The Elections Act 2017, includes specific provisions to enhance electoral and political participation of marginalised groups, particularly women and religious minorities. In this regard, the ECP launched an inclusive media campaign for marginalised groups during elections. Section 206 of the Election Act stipulates that parties shall ensure at least five percent representation of women candidates while selecting candidates for general seats. Subsequently, political parties nominated 280 women candidates for general seats during the 2024 general elections. 

Unlike women, no provision binds political parties to ensure the representation of religious minorities in general seats. Despite that, a report by Daily Jang notes that the Pakistan Peoples Party (PPP) nominated five candidates from religious minorities for general seats. Of these, two were nominated in Punjab, two in Sindh and one in KP. The candidates from Punjab included Sakhwat Masih, nominated for the National Assembly constituency NA-76 Narowal, and Yaqoob Naeem Gill for the provincial assembly seat of PP-115. Both candidates lost their respective seats. In PP-115, Yaqoob Naeem Gill secured 3,097 votes, around the same number of votes as his party's candidate for the corresponding National Assembly seat of NA-102 Faisalabad VIII.

In contrast, the minority candidates in Sindh won their respective elections comfortably. One candidate contested a seat for the National Assembly, while the other contested a seat for the provincial assembly.
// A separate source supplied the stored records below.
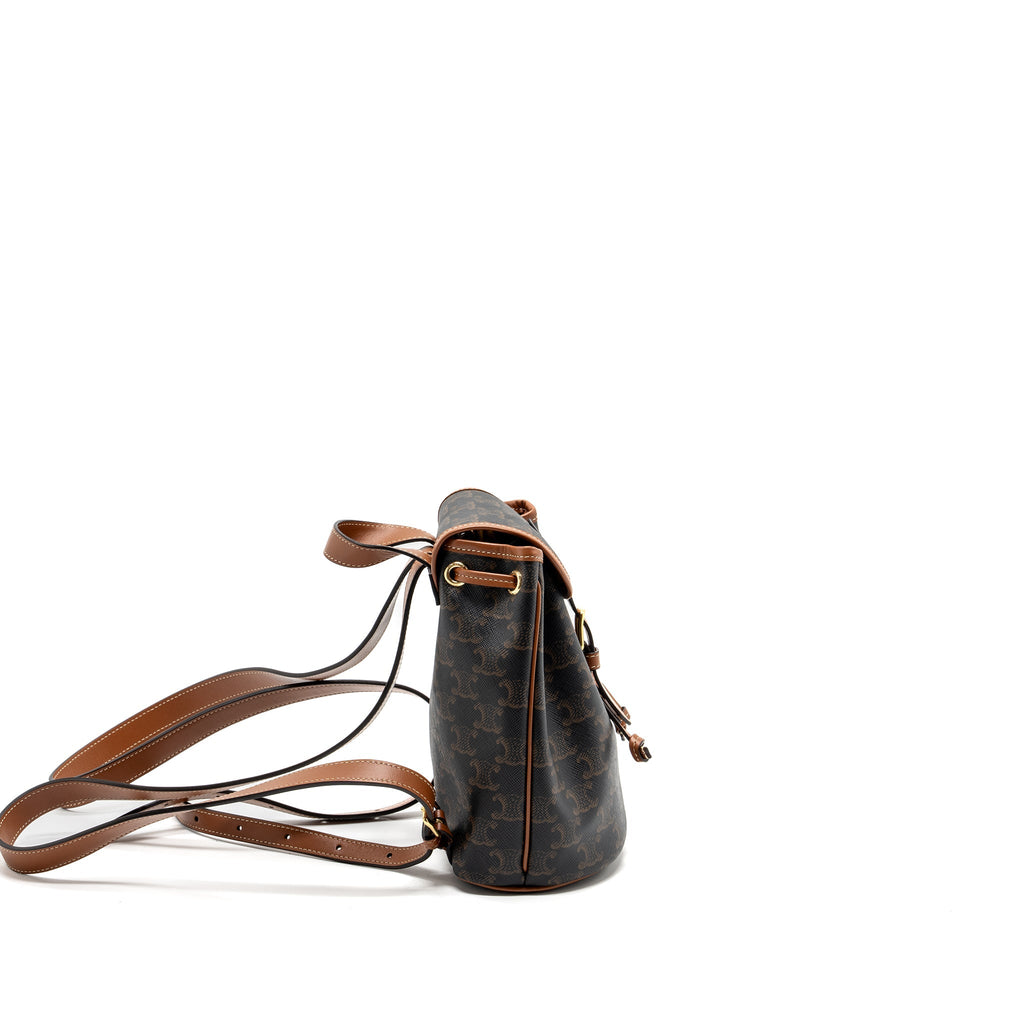 CELINE MINI BACKPACK FOLCO TRIOMPHE CANVAS CALFSKIN TAN GHW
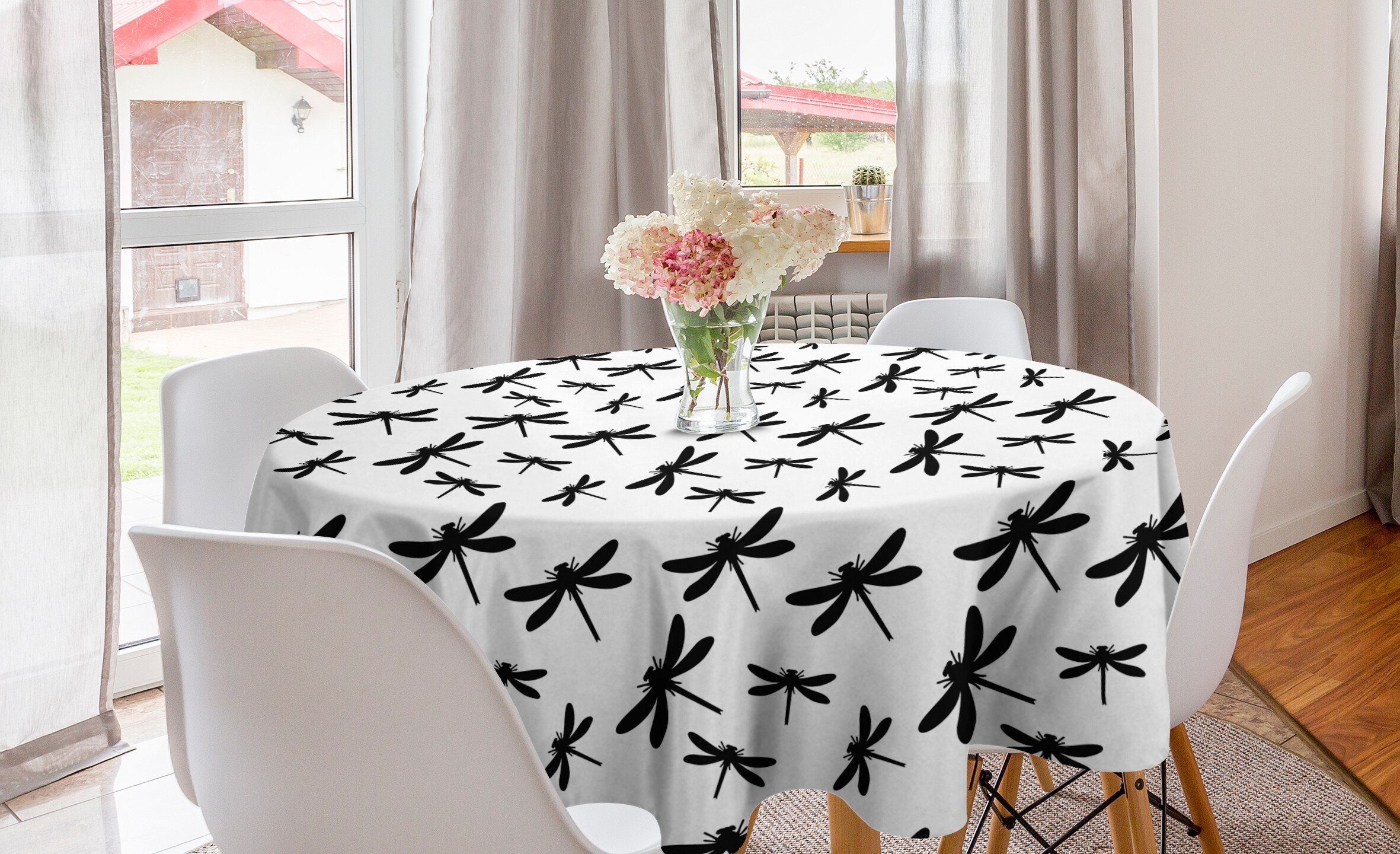 Abakuhaus Tischdecke Kreis Tischdecke Abdeckung für Esszimmer Küche Dekoration, Libelle Bold und Schwarz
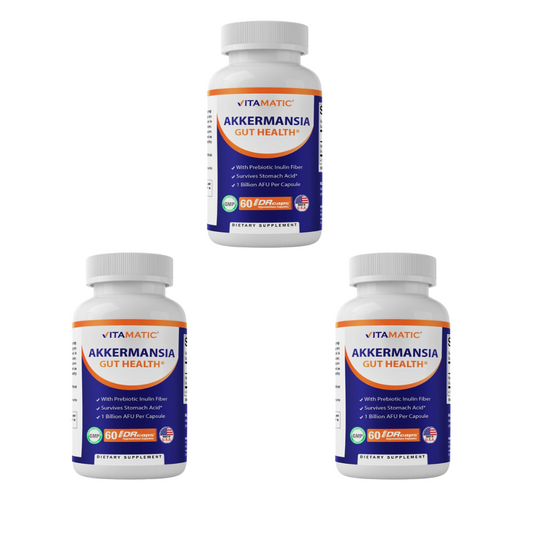 ３本セット次世代乳酸菌アッカーマンシア菌60カプセル（約２か月分）VITAMATIC10億AFU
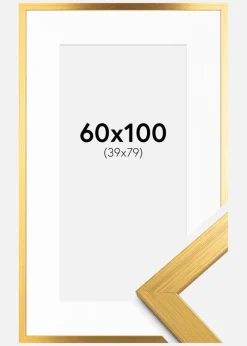 Ramme Gold Wood 60x100 cm - Passepartout Hvid 40x80 cm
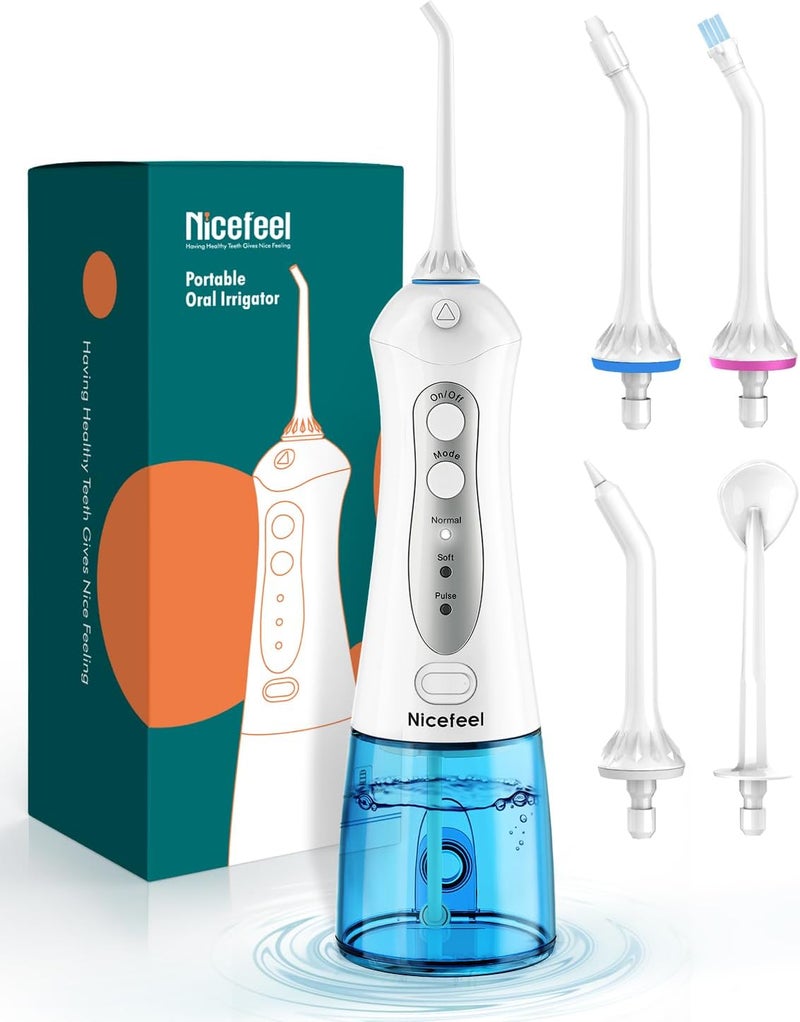 Nicefeel Cordless Water Flosser Teeth Cleaner, 300ML 2 Tip Cases Portable and USB Rechargeable Oral Irrigator for Travel, IPX7 Waterproof, 3-Mode Water Flossing with 4 Jet Tips for Home - Image 1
Mahesh Kumar Malani, who contested elections from NA-215 Tharpakar, comfortably won the seat with a lead of 18,715 votes in a constituency with a 67.06% turnout (among the highest voter turnouts in the country).

These minority candidates succeeded because the voters decided to vote for their candidate and to disregard a 'fatwa' which had been circulating on social media ahead of the polls, stating that votes should be cast in favour of Muslim candidates only. The alleged fatwa was originally issued by the Jamia Uloom Islamia in Karachi ahead of the 2018 general elections. It stated that "there should be satisfaction that the candidate can take better steps for the people of their constituency, both in religious and secular terms. Since the non-Muslim candidate does not meet these standards, it is recommended to vote for a Muslim candidate."

While the ECP and certain political parties, particularly the PPP, encouraged religious minorities to participate in the general elections, it does not appear that the overall political stake for religious minorities is sufficiently large, carries much weight or is widely accepted.

The state and society at large care little for religious minorities. A recent example is the police report on the Jaranwala incident, which was presented in the Supreme Court in the third week of February 2024. Chief Justice Qazi Faez Isa rejected the report and expressed his displeasure over the slow progress made in the case over six months after the incident. Elections are part of the political process to solicit public opinion in running the affairs of the state. Making them more inclusive for religious minorities will help enhance their inclusion and security in society.